To the end of November, the citywide unadjusted benchmark price was $419,100, slightly below October’s price and two percent lower than November 2018.
“Market conditions continue to vary depending on price, location and product type,” says Lurie. “For example, prices have ranged from a year-to-date decline of nearly eight percent for row product in the east district to a two percent increase for semi-detached product in the north district.
“Larger price declines are often caused by high supply in the new home and resale markets relative to demand.”
The apartment sector is still a drag on the market, says Corinne Lyall, broker and owner, Royal LePage Benchmark
“Although we’ve seen some uptake in sales in both the detached and attached markets, the apartment condominium sector negatively affected the overall market with increased inventory and fewer sales than last year,” says Lyall. “We believe this is due to new product coming into the market.”

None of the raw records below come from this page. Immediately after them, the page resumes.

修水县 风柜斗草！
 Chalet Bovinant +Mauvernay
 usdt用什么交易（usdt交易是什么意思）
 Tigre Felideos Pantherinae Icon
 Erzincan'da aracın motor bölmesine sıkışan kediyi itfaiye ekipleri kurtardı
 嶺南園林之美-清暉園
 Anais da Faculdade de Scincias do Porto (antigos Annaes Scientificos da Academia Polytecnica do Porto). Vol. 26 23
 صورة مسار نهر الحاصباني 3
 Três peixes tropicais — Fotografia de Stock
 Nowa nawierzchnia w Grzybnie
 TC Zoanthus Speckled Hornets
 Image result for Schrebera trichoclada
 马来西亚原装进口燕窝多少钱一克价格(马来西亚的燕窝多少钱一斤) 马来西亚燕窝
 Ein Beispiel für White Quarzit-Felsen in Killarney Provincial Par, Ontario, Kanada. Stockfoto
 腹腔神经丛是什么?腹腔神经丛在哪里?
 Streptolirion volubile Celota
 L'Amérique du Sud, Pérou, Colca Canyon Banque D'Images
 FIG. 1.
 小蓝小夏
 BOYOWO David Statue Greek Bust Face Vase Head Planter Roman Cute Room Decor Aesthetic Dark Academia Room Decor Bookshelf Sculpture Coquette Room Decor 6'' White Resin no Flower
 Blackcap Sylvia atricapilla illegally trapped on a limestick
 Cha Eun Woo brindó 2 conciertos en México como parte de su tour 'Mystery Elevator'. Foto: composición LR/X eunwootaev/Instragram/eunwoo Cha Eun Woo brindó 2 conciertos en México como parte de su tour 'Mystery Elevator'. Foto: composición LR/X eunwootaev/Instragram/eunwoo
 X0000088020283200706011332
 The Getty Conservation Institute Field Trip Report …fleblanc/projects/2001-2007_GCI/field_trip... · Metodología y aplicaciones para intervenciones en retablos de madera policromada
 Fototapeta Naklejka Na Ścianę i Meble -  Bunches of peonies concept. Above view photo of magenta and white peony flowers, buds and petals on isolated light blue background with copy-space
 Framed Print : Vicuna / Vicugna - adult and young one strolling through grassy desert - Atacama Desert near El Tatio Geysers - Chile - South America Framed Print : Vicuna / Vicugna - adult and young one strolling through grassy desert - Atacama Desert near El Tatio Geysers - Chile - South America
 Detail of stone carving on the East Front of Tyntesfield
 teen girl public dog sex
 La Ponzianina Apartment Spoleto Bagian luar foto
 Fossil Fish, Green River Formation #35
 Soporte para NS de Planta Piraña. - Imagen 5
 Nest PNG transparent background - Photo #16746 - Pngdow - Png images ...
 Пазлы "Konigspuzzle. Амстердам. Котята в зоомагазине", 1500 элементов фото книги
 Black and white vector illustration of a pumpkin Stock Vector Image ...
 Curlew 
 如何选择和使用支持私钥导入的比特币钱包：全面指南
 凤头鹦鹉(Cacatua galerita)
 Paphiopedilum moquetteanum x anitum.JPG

The Calgary MLS market is ending 2019 on neither a whimper nor a bang, says Lyall.
“The market is ending fairly average, with buyers taking advantage of lower price ranges and others waiting for prices to come down in the higher price points,” she says, adding she expects more of the same in the early months of 2020. “Economists are predicting improved gross domestic product and the positive impact of recent increased net migration in 2020, however we may not see that right away. The first quarter will more than likely reflect the last quarter of 2019 but then improve with spring market conditions.”
And further down the 2020 road?
“With positive news coming from the Trans Mountain pipeline construction, along with low interest rates, increased net migration and jobs, Calgary’s real estate market will ultimately see some buoyancy,” says Lyall.